**Problem**
The expected output is every entry that follows, reproduced exactly.

**Dataset**
*** Begin section ***

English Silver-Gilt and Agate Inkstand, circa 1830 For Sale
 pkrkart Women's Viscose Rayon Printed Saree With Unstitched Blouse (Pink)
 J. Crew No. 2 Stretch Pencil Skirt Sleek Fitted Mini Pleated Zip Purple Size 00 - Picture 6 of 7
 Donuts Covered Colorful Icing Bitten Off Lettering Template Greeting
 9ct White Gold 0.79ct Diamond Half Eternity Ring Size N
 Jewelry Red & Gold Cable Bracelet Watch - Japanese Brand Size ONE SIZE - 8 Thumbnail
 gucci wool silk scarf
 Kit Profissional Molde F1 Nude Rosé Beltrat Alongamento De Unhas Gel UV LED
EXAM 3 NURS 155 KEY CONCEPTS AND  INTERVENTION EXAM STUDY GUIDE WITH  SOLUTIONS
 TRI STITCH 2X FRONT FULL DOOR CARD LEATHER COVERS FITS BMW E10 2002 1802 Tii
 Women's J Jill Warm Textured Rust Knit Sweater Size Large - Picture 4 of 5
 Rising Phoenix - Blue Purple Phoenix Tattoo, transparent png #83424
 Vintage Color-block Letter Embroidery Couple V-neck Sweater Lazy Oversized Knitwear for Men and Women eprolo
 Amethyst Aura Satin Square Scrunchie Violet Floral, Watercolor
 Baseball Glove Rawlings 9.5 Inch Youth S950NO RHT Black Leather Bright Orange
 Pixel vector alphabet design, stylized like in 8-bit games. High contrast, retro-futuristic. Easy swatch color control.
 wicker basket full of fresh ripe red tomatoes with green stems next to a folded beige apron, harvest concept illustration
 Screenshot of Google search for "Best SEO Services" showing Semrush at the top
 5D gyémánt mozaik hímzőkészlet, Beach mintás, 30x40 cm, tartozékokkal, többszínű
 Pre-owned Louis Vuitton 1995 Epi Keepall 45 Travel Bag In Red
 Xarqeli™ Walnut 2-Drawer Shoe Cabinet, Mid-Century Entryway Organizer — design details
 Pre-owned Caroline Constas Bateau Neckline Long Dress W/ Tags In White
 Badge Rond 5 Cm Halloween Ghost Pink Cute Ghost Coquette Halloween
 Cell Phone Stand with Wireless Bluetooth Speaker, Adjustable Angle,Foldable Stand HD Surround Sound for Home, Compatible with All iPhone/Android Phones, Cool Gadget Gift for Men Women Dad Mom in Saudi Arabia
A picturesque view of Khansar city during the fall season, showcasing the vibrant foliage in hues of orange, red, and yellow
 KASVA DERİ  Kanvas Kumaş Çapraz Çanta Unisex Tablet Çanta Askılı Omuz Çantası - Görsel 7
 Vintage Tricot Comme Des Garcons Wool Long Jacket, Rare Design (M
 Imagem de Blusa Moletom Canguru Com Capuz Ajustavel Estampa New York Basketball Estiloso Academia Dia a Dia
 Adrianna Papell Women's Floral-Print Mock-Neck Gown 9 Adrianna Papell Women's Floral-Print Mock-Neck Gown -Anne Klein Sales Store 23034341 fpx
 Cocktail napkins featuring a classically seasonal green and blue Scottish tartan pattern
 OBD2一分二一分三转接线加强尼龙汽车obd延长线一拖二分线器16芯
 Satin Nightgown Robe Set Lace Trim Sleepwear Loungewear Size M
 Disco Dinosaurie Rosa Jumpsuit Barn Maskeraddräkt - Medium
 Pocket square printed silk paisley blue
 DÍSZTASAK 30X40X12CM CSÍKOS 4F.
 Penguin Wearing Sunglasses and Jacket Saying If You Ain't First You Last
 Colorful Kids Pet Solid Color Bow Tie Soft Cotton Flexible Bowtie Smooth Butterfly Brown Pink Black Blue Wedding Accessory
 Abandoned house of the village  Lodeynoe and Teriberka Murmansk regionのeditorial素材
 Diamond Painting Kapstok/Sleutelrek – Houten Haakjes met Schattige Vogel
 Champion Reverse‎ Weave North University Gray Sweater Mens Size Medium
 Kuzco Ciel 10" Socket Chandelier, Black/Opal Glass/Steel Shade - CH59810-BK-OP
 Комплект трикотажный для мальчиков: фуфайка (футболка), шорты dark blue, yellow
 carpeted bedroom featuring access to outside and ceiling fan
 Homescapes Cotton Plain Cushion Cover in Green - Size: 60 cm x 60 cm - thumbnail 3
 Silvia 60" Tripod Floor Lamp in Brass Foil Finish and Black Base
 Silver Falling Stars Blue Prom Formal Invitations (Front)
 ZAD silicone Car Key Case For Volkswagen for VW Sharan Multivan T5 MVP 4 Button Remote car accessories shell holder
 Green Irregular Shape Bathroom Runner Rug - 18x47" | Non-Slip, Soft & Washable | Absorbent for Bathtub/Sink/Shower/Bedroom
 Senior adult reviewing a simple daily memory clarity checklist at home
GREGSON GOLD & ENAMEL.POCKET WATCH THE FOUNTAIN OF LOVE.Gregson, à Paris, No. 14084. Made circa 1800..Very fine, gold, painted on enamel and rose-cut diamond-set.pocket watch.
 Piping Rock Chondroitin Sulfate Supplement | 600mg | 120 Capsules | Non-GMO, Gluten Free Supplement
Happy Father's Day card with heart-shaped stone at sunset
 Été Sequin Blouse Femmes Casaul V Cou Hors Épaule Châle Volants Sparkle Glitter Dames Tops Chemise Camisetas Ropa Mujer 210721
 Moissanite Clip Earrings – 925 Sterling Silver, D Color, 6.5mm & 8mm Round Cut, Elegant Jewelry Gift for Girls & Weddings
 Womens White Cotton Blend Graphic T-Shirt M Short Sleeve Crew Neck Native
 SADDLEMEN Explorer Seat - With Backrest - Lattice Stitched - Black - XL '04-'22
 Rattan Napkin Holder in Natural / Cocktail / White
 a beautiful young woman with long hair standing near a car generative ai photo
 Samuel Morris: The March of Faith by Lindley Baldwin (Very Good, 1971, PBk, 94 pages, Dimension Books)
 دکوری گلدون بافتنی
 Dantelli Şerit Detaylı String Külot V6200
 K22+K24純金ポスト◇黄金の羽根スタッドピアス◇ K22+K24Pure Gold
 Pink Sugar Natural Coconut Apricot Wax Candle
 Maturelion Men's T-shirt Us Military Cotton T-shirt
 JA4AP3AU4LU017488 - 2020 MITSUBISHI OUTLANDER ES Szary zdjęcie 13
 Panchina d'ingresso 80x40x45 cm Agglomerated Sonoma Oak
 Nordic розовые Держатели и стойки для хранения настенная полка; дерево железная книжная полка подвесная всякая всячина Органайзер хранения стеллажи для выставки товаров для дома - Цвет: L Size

*** End section ***

**Answer to this task**
English Silver-Gilt and Agate Inkstand, circa 1830 For Sale
 pkrkart Women's Viscose Rayon Printed Saree With Unstitched Blouse (Pink)
 J. Crew No. 2 Stretch Pencil Skirt Sleek Fitted Mini Pleated Zip Purple Size 00 - Picture 6 of 7
 Donuts Covered Colorful Icing Bitten Off Lettering Template Greeting
 9ct White Gold 0.79ct Diamond Half Eternity Ring Size N
 Jewelry Red & Gold Cable Bracelet Watch - Japanese Brand Size ONE SIZE - 8 Thumbnail
 gucci wool silk scarf
 Kit Profissional Molde F1 Nude Rosé Beltrat Alongamento De Unhas Gel UV LED
EXAM 3 NURS 155 KEY CONCEPTS AND  INTERVENTION EXAM STUDY GUIDE WITH  SOLUTIONS
 TRI STITCH 2X FRONT FULL DOOR CARD LEATHER COVERS FITS BMW E10 2002 1802 Tii
 Women's J Jill Warm Textured Rust Knit Sweater Size Large - Picture 4 of 5
 Rising Phoenix - Blue Purple Phoenix Tattoo, transparent png #83424
 Vintage Color-block Letter Embroidery Couple V-neck Sweater Lazy Oversized Knitwear for Men and Women eprolo
 Amethyst Aura Satin Square Scrunchie Violet Floral, Watercolor
 Baseball Glove Rawlings 9.5 Inch Youth S950NO RHT Black Leather Bright Orange
 Pixel vector alphabet design, stylized like in 8-bit games. High contrast, retro-futuristic. Easy swatch color control.
 wicker basket full of fresh ripe red tomatoes with green stems next to a folded beige apron, harvest concept illustration
 Screenshot of Google search for "Best SEO Services" showing Semrush at the top
 5D gyémánt mozaik hímzőkészlet, Beach mintás, 30x40 cm, tartozékokkal, többszínű
 Pre-owned Louis Vuitton 1995 Epi Keepall 45 Travel Bag In Red
 Xarqeli™ Walnut 2-Drawer Shoe Cabinet, Mid-Century Entryway Organizer — design details
 Pre-owned Caroline Constas Bateau Neckline Long Dress W/ Tags In White
 Badge Rond 5 Cm Halloween Ghost Pink Cute Ghost Coquette Halloween
 Cell Phone Stand with Wireless Bluetooth Speaker, Adjustable Angle,Foldable Stand HD Surround Sound for Home, Compatible with All iPhone/Android Phones, Cool Gadget Gift for Men Women Dad Mom in Saudi Arabia
A picturesque view of Khansar city during the fall season, showcasing the vibrant foliage in hues of orange, red, and yellow
 KASVA DERİ  Kanvas Kumaş Çapraz Çanta Unisex Tablet Çanta Askılı Omuz Çantası - Görsel 7
 Vintage Tricot Comme Des Garcons Wool Long Jacket, Rare Design (M
 Imagem de Blusa Moletom Canguru Com Capuz Ajustavel Estampa New York Basketball Estiloso Academia Dia a Dia
 Adrianna Papell Women's Floral-Print Mock-Neck Gown 9 Adrianna Papell Women's Floral-Print Mock-Neck Gown -Anne Klein Sales Store 23034341 fpx
 Cocktail napkins featuring a classically seasonal green and blue Scottish tartan pattern
 OBD2一分二一分三转接线加强尼龙汽车obd延长线一拖二分线器16芯
 Satin Nightgown Robe Set Lace Trim Sleepwear Loungewear Size M
 Disco Dinosaurie Rosa Jumpsuit Barn Maskeraddräkt - Medium
 Pocket square printed silk paisley blue
 DÍSZTASAK 30X40X12CM CSÍKOS 4F.
 Penguin Wearing Sunglasses and Jacket Saying If You Ain't First You Last
 Colorful Kids Pet Solid Color Bow Tie Soft Cotton Flexible Bowtie Smooth Butterfly Brown Pink Black Blue Wedding Accessory
 Abandoned house of the village  Lodeynoe and Teriberka Murmansk regionのeditorial素材
 Diamond Painting Kapstok/Sleutelrek – Houten Haakjes met Schattige Vogel
 Champion Reverse‎ Weave North University Gray Sweater Mens Size Medium
 Kuzco Ciel 10" Socket Chandelier, Black/Opal Glass/Steel Shade - CH59810-BK-OP
 Комплект трикотажный для мальчиков: фуфайка (футболка), шорты dark blue, yellow
 carpeted bedroom featuring access to outside and ceiling fan
 Homescapes Cotton Plain Cushion Cover in Green - Size: 60 cm x 60 cm - thumbnail 3
 Silvia 60" Tripod Floor Lamp in Brass Foil Finish and Black Base
 Silver Falling Stars Blue Prom Formal Invitations (Front)
 ZAD silicone Car Key Case For Volkswagen for VW Sharan Multivan T5 MVP 4 Button Remote car accessories shell holder
 Green Irregular Shape Bathroom Runner Rug - 18x47" | Non-Slip, Soft & Washable | Absorbent for Bathtub/Sink/Shower/Bedroom
 Senior adult reviewing a simple daily memory clarity checklist at home
GREGSON GOLD & ENAMEL.POCKET WATCH THE FOUNTAIN OF LOVE.Gregson, à Paris, No. 14084. Made circa 1800..Very fine, gold, painted on enamel and rose-cut diamond-set.pocket watch.
 Piping Rock Chondroitin Sulfate Supplement | 600mg | 120 Capsules | Non-GMO, Gluten Free Supplement
Happy Father's Day card with heart-shaped stone at sunset
 Été Sequin Blouse Femmes Casaul V Cou Hors Épaule Châle Volants Sparkle Glitter Dames Tops Chemise Camisetas Ropa Mujer 210721
 Moissanite Clip Earrings – 925 Sterling Silver, D Color, 6.5mm & 8mm Round Cut, Elegant Jewelry Gift for Girls & Weddings
 Womens White Cotton Blend Graphic T-Shirt M Short Sleeve Crew Neck Native
 SADDLEMEN Explorer Seat - With Backrest - Lattice Stitched - Black - XL '04-'22
 Rattan Napkin Holder in Natural / Cocktail / White
 a beautiful young woman with long hair standing near a car generative ai photo
 Samuel Morris: The March of Faith by Lindley Baldwin (Very Good, 1971, PBk, 94 pages, Dimension Books)
 دکوری گلدون بافتنی
 Dantelli Şerit Detaylı String Külot V6200
 K22+K24純金ポスト◇黄金の羽根スタッドピアス◇ K22+K24Pure Gold
 Pink Sugar Natural Coconut Apricot Wax Candle
 Maturelion Men's T-shirt Us Military Cotton T-shirt
 JA4AP3AU4LU017488 - 2020 MITSUBISHI OUTLANDER ES Szary zdjęcie 13
 Panchina d'ingresso 80x40x45 cm Agglomerated Sonoma Oak
 Nordic розовые Держатели и стойки для хранения настенная полка; дерево железная книжная полка подвесная всякая всячина Органайзер хранения стеллажи для выставки товаров для дома - Цвет: L Size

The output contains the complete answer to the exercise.